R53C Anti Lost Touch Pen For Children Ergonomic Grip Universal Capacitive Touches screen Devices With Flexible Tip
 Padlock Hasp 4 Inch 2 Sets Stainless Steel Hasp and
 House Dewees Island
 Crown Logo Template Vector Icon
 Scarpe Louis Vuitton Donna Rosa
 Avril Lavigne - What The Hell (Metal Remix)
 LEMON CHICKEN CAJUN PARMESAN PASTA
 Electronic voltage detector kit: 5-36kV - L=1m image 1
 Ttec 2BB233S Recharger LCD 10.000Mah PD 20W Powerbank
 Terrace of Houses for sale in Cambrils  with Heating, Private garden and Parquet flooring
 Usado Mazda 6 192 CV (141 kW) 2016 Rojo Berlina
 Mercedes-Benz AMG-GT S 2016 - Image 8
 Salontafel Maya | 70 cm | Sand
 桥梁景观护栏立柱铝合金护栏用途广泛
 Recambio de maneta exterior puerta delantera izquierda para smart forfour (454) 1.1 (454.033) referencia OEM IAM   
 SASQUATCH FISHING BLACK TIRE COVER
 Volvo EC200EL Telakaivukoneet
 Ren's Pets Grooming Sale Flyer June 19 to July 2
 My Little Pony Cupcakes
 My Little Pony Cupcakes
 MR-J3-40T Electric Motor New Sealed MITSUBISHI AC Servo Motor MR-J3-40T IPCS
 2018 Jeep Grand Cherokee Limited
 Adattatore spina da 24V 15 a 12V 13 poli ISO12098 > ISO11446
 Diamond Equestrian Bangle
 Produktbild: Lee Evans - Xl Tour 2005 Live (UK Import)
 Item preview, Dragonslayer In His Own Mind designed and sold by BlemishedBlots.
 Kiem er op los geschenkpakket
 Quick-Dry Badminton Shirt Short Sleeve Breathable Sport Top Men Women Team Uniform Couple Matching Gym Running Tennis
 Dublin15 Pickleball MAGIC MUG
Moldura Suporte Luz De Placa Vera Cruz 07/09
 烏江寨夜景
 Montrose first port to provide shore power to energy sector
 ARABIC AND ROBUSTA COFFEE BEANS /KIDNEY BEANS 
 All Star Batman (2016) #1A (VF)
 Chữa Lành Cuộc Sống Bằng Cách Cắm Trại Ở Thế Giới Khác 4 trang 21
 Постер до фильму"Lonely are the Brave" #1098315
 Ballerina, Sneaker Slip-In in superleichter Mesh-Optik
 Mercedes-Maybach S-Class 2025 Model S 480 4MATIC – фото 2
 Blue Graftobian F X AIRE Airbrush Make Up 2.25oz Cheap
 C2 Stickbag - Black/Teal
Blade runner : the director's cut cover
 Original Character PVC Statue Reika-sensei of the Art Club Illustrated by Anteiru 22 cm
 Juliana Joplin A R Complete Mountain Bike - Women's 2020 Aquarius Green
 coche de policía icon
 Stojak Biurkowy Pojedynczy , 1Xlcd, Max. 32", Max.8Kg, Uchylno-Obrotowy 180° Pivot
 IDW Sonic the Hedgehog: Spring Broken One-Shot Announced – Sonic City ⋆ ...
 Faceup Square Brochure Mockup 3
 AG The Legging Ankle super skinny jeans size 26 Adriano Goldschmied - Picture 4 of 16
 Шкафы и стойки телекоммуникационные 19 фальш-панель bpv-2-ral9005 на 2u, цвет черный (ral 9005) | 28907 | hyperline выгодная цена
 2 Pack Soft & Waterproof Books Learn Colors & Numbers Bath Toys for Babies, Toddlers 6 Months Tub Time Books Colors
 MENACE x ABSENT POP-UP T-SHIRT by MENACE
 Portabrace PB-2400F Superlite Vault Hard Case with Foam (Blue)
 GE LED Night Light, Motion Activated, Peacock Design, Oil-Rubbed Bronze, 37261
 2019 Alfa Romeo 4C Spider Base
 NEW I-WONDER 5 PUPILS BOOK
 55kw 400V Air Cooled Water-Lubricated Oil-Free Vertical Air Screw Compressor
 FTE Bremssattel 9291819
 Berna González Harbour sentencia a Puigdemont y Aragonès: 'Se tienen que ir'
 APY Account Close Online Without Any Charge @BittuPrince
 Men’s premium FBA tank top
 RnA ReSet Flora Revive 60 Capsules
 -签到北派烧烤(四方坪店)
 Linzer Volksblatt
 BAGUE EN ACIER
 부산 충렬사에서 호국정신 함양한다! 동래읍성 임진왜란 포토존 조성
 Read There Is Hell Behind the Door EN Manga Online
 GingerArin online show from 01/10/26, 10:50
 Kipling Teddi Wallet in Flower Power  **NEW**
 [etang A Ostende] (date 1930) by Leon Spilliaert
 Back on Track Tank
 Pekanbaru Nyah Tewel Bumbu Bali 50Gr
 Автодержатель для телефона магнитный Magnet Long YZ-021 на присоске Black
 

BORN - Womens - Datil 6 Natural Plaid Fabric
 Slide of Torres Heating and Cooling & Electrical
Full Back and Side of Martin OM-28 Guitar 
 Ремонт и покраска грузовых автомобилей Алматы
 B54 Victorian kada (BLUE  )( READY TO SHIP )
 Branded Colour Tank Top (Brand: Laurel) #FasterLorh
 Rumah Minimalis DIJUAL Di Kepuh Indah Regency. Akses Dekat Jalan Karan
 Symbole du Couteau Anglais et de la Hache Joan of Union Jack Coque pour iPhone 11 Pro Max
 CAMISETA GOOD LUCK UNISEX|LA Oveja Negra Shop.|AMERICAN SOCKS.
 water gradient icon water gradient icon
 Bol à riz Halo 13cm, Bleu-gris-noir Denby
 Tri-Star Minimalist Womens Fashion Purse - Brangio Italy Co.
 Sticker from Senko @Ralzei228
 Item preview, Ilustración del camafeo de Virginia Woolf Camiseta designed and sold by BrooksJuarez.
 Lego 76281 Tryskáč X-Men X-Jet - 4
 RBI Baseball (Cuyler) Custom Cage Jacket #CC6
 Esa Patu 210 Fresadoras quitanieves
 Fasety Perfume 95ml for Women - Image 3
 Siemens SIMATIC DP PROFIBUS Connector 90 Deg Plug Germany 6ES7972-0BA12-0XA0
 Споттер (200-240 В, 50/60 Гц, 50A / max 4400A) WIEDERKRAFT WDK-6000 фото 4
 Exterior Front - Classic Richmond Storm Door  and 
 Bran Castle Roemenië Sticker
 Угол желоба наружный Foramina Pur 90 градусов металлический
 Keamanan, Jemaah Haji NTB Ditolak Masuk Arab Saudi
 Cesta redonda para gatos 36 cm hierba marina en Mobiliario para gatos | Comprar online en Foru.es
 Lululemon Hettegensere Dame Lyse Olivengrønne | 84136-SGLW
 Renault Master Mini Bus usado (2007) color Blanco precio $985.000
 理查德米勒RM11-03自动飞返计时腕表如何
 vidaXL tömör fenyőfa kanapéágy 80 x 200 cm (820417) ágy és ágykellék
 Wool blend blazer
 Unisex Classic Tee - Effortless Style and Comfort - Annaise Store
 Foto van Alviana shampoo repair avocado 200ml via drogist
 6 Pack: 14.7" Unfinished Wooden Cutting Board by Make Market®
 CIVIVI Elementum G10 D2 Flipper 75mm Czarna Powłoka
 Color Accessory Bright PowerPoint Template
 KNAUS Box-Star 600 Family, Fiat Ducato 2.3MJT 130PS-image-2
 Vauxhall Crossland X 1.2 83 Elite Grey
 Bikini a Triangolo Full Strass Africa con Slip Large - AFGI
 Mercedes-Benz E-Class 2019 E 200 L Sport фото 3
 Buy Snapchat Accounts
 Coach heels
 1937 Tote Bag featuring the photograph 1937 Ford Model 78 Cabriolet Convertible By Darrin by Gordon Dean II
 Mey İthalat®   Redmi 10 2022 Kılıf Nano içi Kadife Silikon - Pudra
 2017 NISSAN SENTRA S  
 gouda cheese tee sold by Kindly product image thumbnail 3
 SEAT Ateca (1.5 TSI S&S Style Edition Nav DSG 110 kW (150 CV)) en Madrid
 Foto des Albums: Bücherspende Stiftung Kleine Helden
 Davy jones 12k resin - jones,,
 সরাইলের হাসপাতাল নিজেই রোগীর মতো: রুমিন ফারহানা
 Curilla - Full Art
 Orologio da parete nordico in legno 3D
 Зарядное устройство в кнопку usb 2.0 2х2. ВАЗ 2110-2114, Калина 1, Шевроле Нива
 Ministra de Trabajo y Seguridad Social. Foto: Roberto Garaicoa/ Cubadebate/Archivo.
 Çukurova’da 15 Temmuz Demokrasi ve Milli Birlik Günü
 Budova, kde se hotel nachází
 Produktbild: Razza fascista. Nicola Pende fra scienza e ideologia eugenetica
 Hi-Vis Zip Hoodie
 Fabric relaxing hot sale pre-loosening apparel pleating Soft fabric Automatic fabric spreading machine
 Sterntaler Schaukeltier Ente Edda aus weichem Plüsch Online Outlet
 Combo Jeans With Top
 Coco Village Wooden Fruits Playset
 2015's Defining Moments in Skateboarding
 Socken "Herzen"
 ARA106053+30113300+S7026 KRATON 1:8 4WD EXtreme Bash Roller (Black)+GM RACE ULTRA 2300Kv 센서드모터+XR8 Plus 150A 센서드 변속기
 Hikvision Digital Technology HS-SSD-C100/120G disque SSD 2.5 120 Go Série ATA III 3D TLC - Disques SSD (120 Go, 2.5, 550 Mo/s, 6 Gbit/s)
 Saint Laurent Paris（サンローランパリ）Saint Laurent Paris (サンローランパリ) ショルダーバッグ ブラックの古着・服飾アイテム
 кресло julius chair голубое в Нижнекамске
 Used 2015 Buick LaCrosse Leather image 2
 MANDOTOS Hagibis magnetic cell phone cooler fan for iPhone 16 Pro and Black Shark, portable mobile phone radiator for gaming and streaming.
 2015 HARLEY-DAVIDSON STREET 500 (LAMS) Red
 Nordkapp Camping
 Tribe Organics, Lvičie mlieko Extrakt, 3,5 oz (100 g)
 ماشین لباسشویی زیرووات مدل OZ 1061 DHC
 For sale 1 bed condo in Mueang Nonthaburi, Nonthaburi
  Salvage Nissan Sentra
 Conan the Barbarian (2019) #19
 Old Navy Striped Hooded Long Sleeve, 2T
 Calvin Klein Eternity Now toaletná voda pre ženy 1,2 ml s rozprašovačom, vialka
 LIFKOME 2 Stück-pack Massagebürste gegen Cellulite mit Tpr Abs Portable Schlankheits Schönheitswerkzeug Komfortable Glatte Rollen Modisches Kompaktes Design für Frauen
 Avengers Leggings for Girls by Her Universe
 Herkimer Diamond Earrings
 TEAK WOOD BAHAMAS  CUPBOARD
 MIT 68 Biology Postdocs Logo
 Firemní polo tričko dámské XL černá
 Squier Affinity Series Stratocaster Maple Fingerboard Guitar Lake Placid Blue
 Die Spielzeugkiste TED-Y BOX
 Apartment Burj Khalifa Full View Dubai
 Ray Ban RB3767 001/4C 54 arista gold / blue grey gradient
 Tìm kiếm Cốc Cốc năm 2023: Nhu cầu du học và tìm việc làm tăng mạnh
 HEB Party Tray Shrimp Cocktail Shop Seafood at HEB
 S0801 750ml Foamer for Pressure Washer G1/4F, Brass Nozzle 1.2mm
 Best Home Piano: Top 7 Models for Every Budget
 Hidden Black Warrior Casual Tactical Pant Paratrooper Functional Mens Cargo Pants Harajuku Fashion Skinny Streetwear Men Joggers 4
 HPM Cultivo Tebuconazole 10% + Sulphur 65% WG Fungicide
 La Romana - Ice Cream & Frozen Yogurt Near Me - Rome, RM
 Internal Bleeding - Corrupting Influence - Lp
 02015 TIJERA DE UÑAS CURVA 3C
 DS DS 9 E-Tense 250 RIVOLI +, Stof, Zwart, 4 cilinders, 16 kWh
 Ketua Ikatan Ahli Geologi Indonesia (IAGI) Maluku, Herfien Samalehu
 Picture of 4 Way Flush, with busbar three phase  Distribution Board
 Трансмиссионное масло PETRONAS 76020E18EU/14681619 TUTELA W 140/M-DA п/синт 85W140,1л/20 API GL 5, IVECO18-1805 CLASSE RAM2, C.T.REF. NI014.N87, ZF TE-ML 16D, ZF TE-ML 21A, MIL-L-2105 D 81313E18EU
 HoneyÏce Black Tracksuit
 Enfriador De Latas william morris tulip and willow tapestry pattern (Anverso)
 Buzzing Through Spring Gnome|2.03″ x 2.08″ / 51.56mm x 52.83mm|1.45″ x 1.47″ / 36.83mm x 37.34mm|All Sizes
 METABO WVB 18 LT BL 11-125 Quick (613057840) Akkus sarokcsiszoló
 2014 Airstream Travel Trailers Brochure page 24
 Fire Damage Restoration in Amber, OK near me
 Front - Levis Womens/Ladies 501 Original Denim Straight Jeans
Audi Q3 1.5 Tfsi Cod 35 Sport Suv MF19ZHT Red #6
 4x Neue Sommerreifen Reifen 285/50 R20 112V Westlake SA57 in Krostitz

|---|

Exercise directions >> Within the material above, output exactly the lines from the one with "Угол желоба наружный" through the one with "Color Accessory Bright PowerPoint Template", end lines included, and nothing besides.

Task solution >>
 Угол желоба наружный Foramina Pur 90 градусов металлический
 Keamanan, Jemaah Haji NTB Ditolak Masuk Arab Saudi
 Cesta redonda para gatos 36 cm hierba marina en Mobiliario para gatos | Comprar online en Foru.es
 Lululemon Hettegensere Dame Lyse Olivengrønne | 84136-SGLW
 Renault Master Mini Bus usado (2007) color Blanco precio $985.000
 理查德米勒RM11-03自动飞返计时腕表如何
 vidaXL tömör fenyőfa kanapéágy 80 x 200 cm (820417) ágy és ágykellék
 Wool blend blazer
 Unisex Classic Tee - Effortless Style and Comfort - Annaise Store
 Foto van Alviana shampoo repair avocado 200ml via drogist
 6 Pack: 14.7" Unfinished Wooden Cutting Board by Make Market®
 CIVIVI Elementum G10 D2 Flipper 75mm Czarna Powłoka
 Color Accessory Bright PowerPoint Template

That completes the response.